Salim Nourallah’s latest Western Vinyl release, Beautiful Noise, takes musical moping to a higher plane by dealing with mortality, aging, lost love, and a little dollop of hope. His first solo album, Polaroid, was picked by the Dallas Observer as one of the Top Five Albums of 2004. An album Salim did with his brother Faris aptly titled Nourallah Brothers, which has received praise as one of the top CD’s of the last decade, has been recently reissued. In between all of this activity Salim produced the Old 97’s, Rhett Miller, and Deathray Davies. You would think staying that busy would take all of one’s energy to worry away, but instead it has been channeled into Beautiful Noise.

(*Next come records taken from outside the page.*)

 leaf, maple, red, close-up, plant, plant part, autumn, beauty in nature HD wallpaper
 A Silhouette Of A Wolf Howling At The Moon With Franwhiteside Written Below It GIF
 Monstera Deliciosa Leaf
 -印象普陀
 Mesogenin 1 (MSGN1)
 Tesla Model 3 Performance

Musically the album is quiet and spare, with whispered vocals mingling with mellotron riffs. The melodies show Nourallah’s power pop roots, but acoustic Beck type balladry is the dominant form here. Lyrically, Beautiful Noise might be the most depressing album I’ve heard since Lou Reed’s Berlin came out in the 70’s, which isn’t all that surprising when you have one song titled “The World Is Full Of People Who Want To Hurt You” and other songs with downer lyrics like:
I woke up cold in the embrace of someone I despised – “The Apartment”

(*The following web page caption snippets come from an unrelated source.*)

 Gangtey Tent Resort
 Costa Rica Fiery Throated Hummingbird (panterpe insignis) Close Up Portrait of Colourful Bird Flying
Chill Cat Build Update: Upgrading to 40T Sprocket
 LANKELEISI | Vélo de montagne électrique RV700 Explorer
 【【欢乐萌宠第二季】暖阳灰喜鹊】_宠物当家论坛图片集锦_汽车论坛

Is there something out there after this life goes I don’t really think so – “1st Love”
Children step off of a school bus into the lane next thing the sound of screeching brakes it happens in an instant – “No Guarantee”

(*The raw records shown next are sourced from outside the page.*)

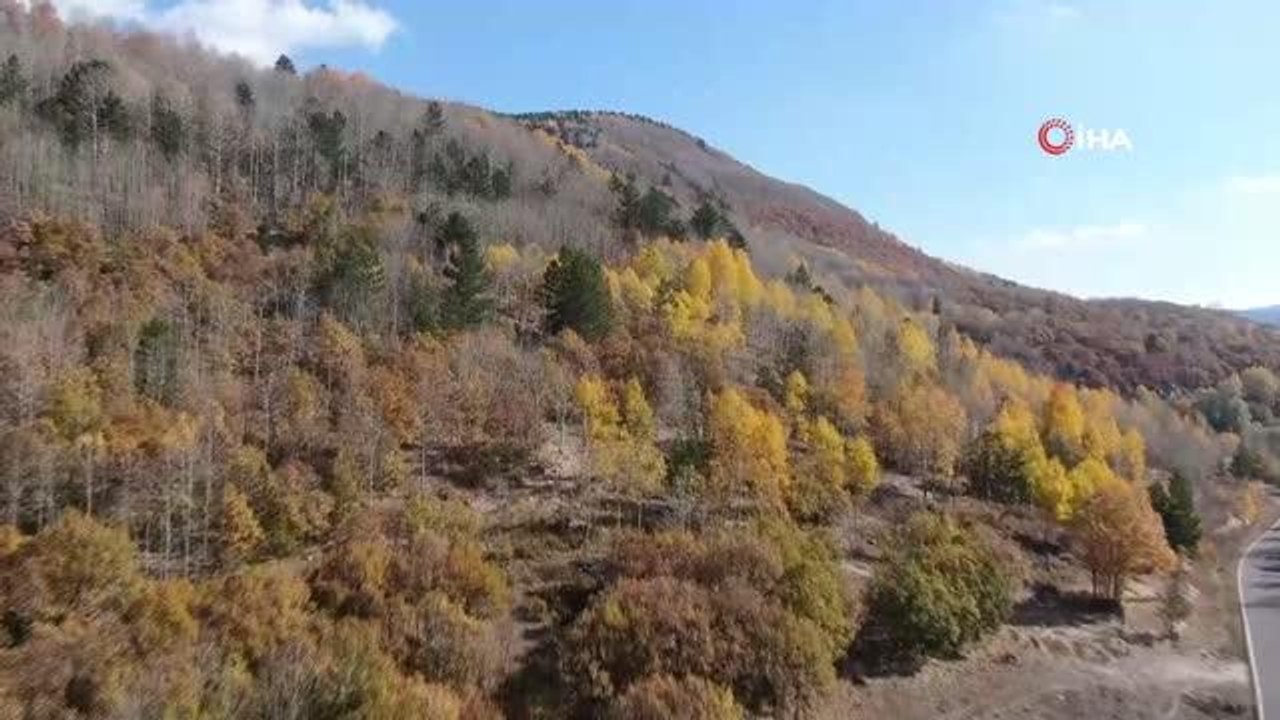 Başkent'in Işık Dağı sonbahar renklerine büründü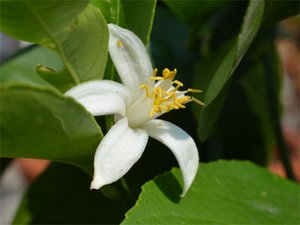 Orangenblüte (Ciitri auranthi flos)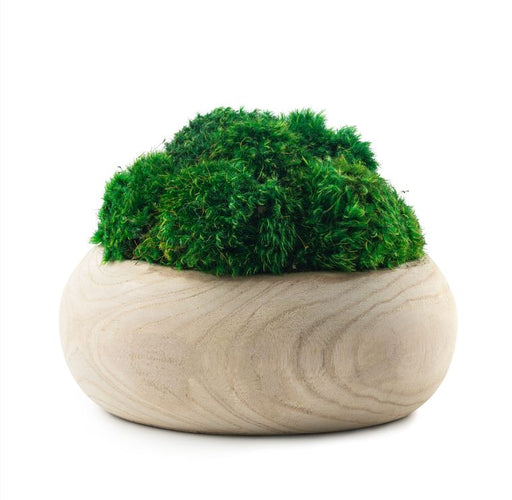 DH Moss Wood Round Pot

I wanna be soaring above clouds not in a coffin stuck in the ground – “All Waste The Days”
Even with all of those kinds of images Beautiful Noise can still make a person feel good. A song like the McCartney-esque “Montrea”l makes me smile since it mentions both books and records in a song about a couple on a trip. It’s the touches of the everyday commonplace on this album that appeal to me, while others might dig the strong undercurrent of spirituality which infuses the album. Beautiful Noise is a minor moping masterpiece by an artist on the rise.